Treasure Workflow is based on the Treasure Data created Digdag open source project. The original source of Digdag information can be found at docs.digdag.io. Most, but not all, Digdag operators can be used as part of Treasure Workflow.

Operator

Type

Description

call>:

Control

Calls another workflow

require>:

Control

Depends on another workflow

loop>:

Control

Repeat tasks

for_each>:

Control

Repeat tasks for values

for_range>:

Control

Repeat tasks for a range

if>:

Control

Conditional execution

fail>:

Control

Changes the workflow status to failed

wait>:FunctionalSuspends execution and waits for the duration specified

Control Operators

call>:

call> operator calls another workflow.

This operator embeds another workflow as a subtask.

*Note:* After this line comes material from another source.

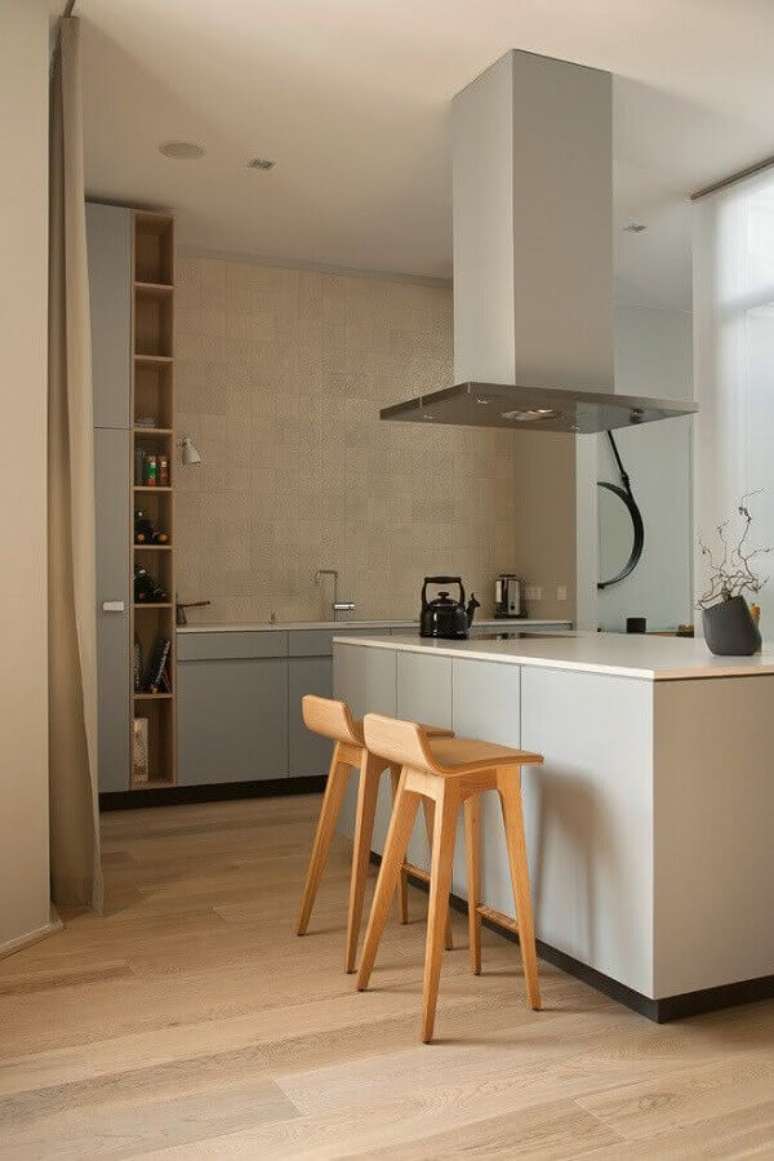 45. Decoração minimalista com banqueta de madeira para cozinha com ilha planejada – Foto: Home Fashion Trend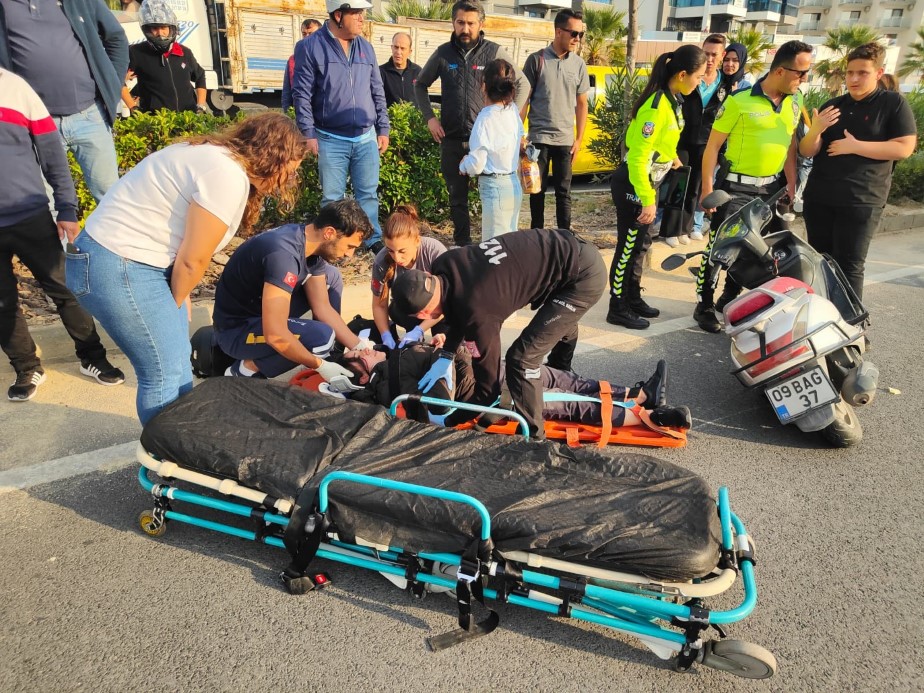 Motosikletin çarptığı kadın ağır yaralandı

This operator waits until all tasks of the workflow complete.

# workflow1.dig
+step1:
  call>: another_workflow.dig
+step2:
  call>: common/shared_workflow.dig
# another_workflow.dig
+another:
  sh>: ../scripts/my_script.sh

Options

  • call>: FILE

    Path to a workflow definition file. The filename must end with .dig. If called, and the workflow is in a subdirectory, the workflow uses the subdirectory as the working directory. For example, a task has call>: common/called_workflow.dig, using queries/data.sql file in the called workflow should be ../queries/data.sql.

    Examples:

    call>: another_workflow.dig

require>:

require> operator requires the completion of another workflow. This operator is similar to call> operator, but this operator doesn’t start the other workflow if it’s already running or has been done for the same session time of this workflow. If the workflow is running or newly started, this operator waits until it completes.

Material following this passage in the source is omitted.